• **ASSIGNMENT**
Excluding pictures, retype the line with "Рубашка Uniqlo Jil Sander J+ оригинал" and each line that follows it to the end of the data below, word for word.

• **DATA PROVIDED**

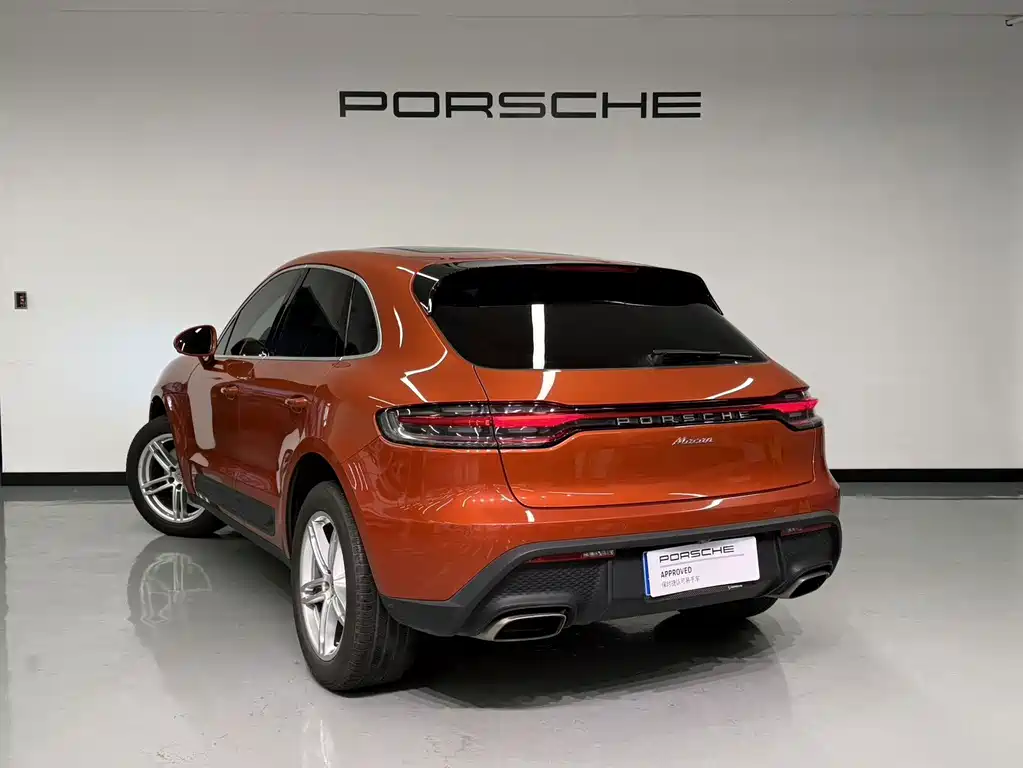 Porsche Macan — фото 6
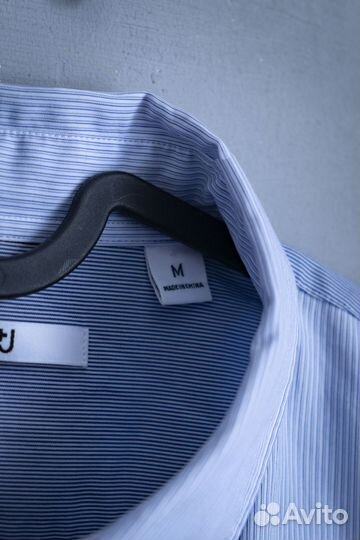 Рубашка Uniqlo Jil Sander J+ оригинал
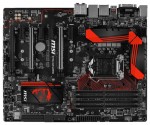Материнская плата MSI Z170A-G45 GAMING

• **TASK RESPONSE**
 Рубашка Uniqlo Jil Sander J+ оригинал
Материнская плата MSI Z170A-G45 GAMING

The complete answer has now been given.